Le bilan relié à la popularité du vapotage, surtout auprès des adolescents, est inquiétant. Selon l’étude, « malgré l’interdiction en vigueur, 62 % des jeunes ayant consommé la vape au cours des six derniers mois disent avoir vapoté des liquides avec saveur ».
Les jeunes qui se procurent eux-mêmes des produits de vapotage avec saveurs les achètent sur des sites Internet (13 %), au dépanneur (12 %), sur les réseaux sociaux (9 %) et dans des magasins spécialisés (8 %).
M. Racine s’appuie d’ailleurs sur l’étude pour dire que « les saveurs sont vendues de manière illégale dans 8 % des boutiques spécialisées. On peut dire que c’est une source marginale du problème, pourtant, on cible tous les contrôles auprès d’eux. Pourquoi ne pas faire comme en Ontario? Ils ont interdit la vente des produits du vapotage dans tous les dépanneurs, à l’exception des boutiques spécialisées. Le contrôle serait plus facile à faire. Aujourd’hui, au Québec, on peut vendre des produits de vapotage dans à peu près tous les commerces. Et à cela j’ajoute que les boutiques spécialisées sont bien plus informées de la règlementation en vigueur, donc plus aptes à les appliquer ».
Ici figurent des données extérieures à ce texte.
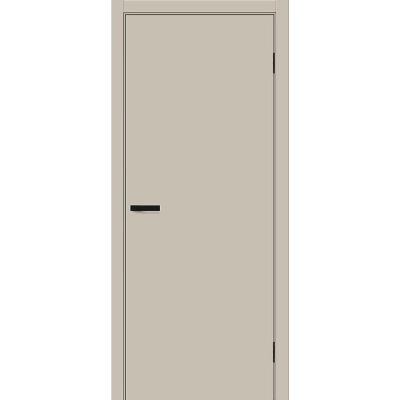 Браво 0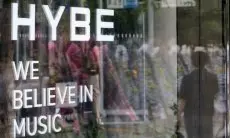 HYBE Terancam Delisting saat Bang Si Hyun Digugat Investor dengan Tuduhan Penipuan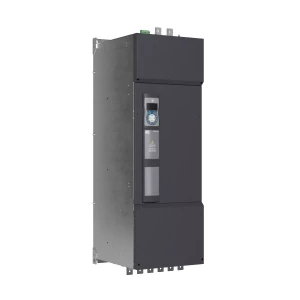 Systemy regenerujące - moduł FFE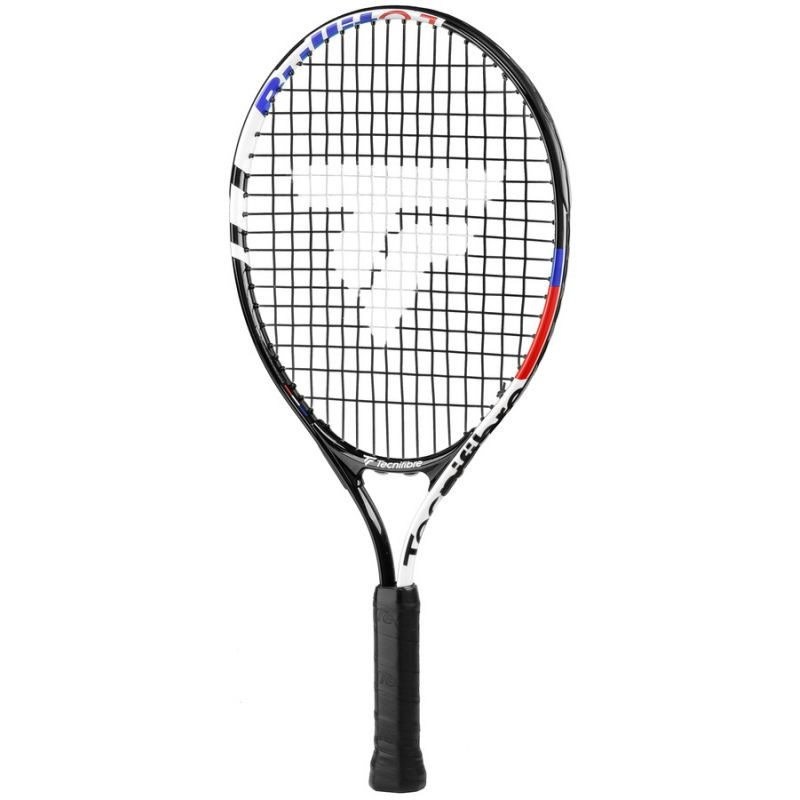 Racchetta da tennis Tecnifibre Bullit 21 NW HS-TNK-000016546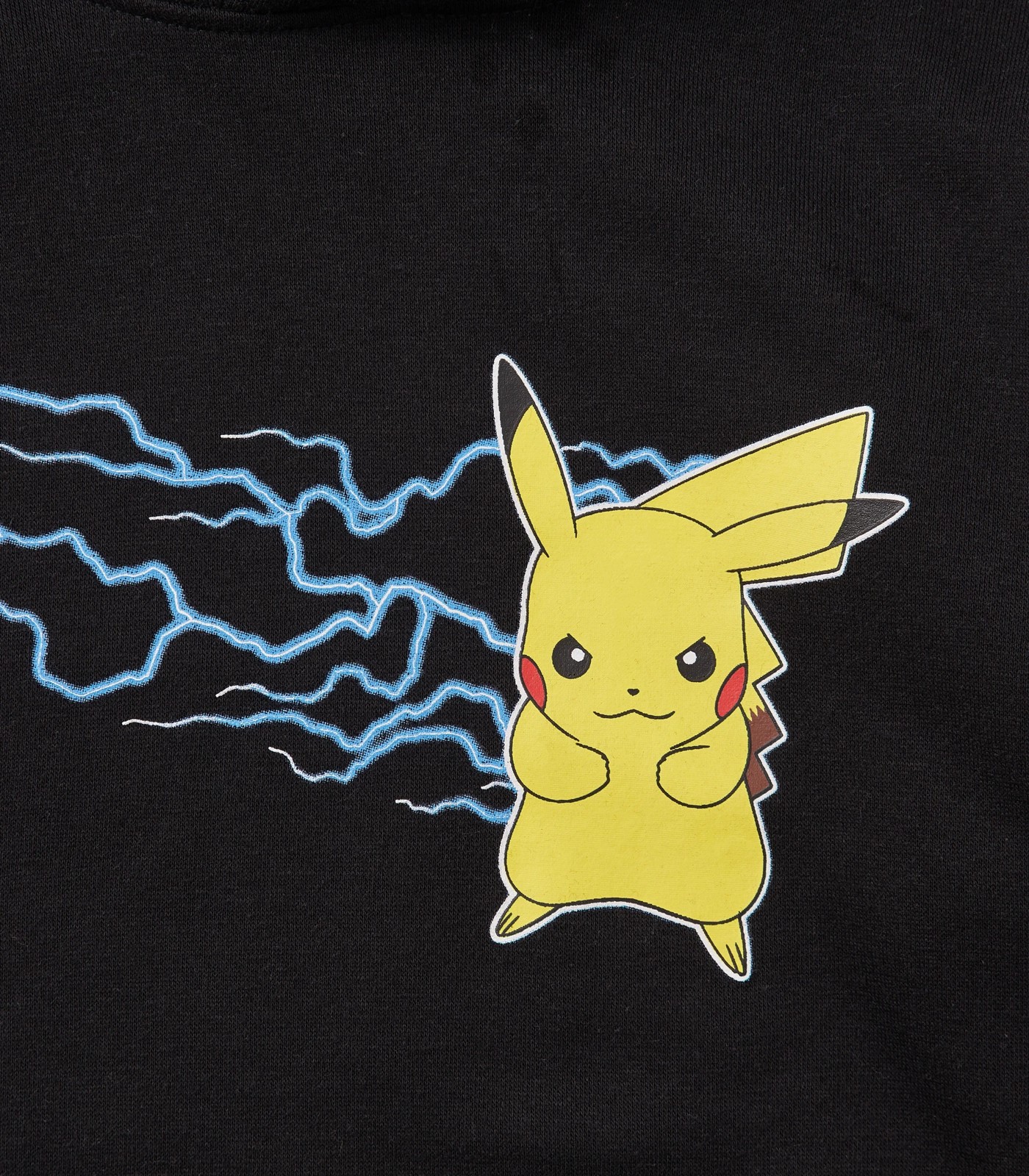 375_67311286_2+22F345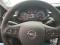 preview Opel Corsa #4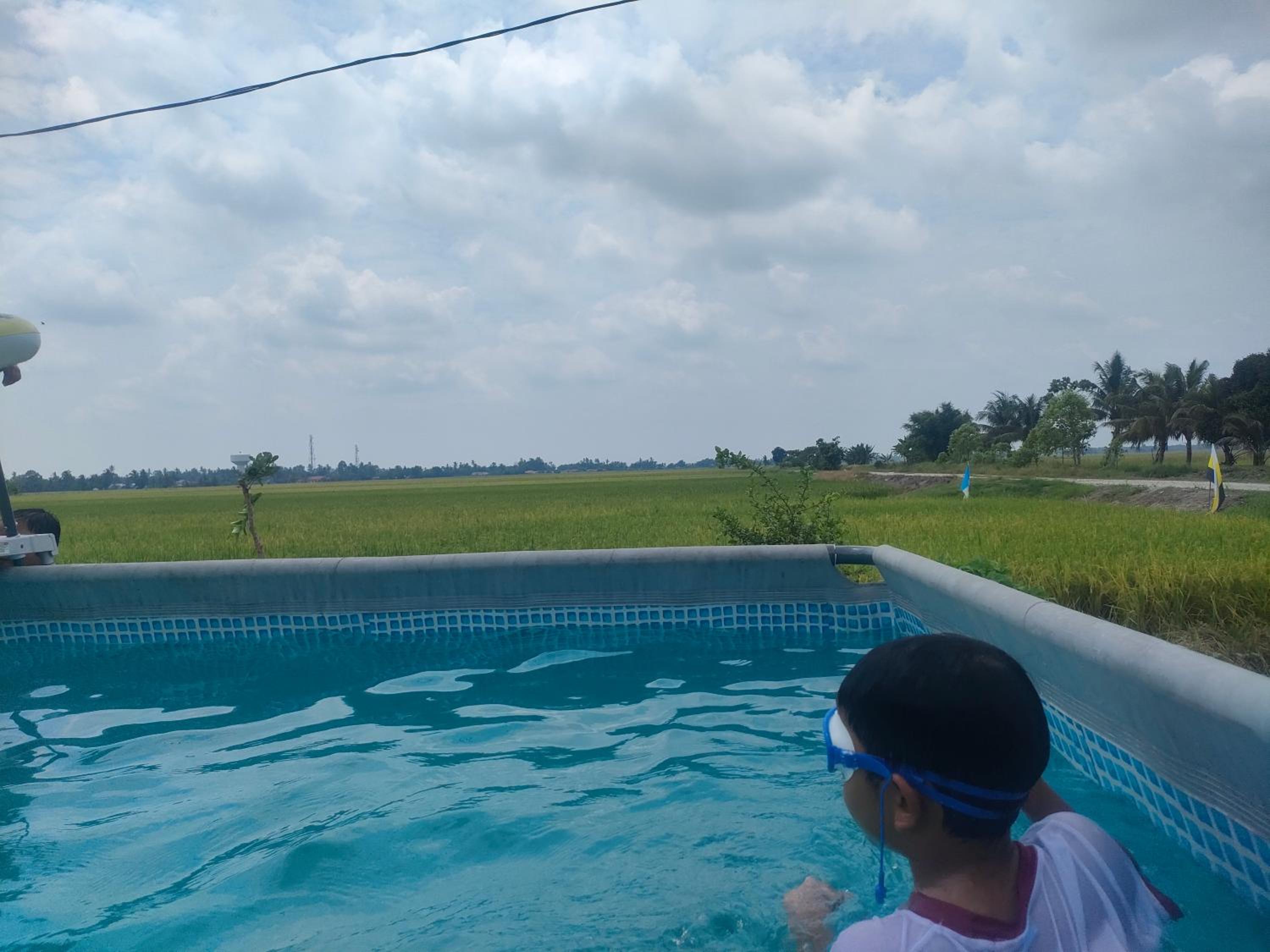 Photo 44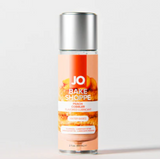 Peach Cobbler 2 oz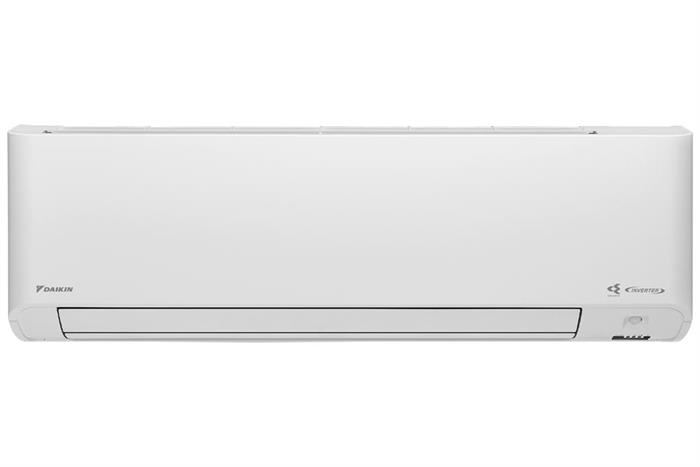 Máy lạnh Daikin Inverter 2 HP FTKY50ZVMV Màu Trắng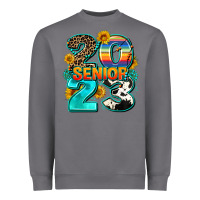 Storm senıor 2023 Heavyweight Sweatshirt - AdoDesignShop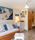 Studio · Serre Chevalier - Photo 1
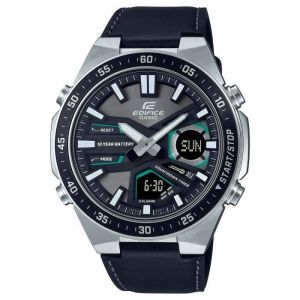 Casio Montre Edifice EFV-C110L-1AVEF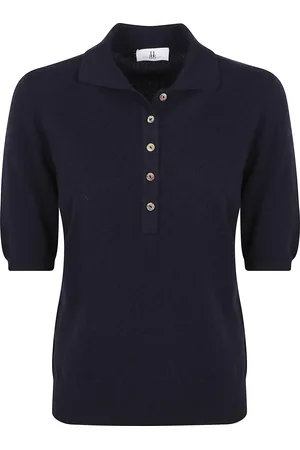 ELEVEN88 Maglia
La Vape du Fort, qui indique honorer la règlementation, doit payer pour ceux qui ne la respectent pas. Depuis l’interdiction des saveurs, l’entreprise, qui commence à proposer d’autres services, indique avoir perdu au moins 50 % de ses revenus de vapotage. « Beaucoup de commerces, qui ont pignon sur rue et qui sont légaux, ont fermé », conclut-il.
Des autorités alertées
Dans une lettre, adressée il y a six mois au ministre de la Santé et à celui des Finances du Québec, qui a aussi été envoyée aux fonctionnaires de Santé Canada et aux attachés politiques de la ministre fédérale des Dépendances, la Coalition québécoise pour le contrôle du tabac (CQCT) fait le point sur l’éventail de stratégies de contournement du règlement entré en vigueur le 31 octobre 2023 et a proposé une série de mesures administratives, réglementaires et législatives qui pourraient rectifier la situation.
« Il est clair que face au contournement éhonté de l’interdiction des saveurs par des joueurs commerciaux dits » légaux », l’État doit non seulement effectuer un travail rigoureux d’inspection et de poursuites, mais il devrait aussi faire usage des mesures correctives à sa disposition pour pallier le manque de contrôles quant aux diverses entités impliquées dans le commerce des produits de vapotage », de conclure Flory Doucas, porte-parole de la CQCT.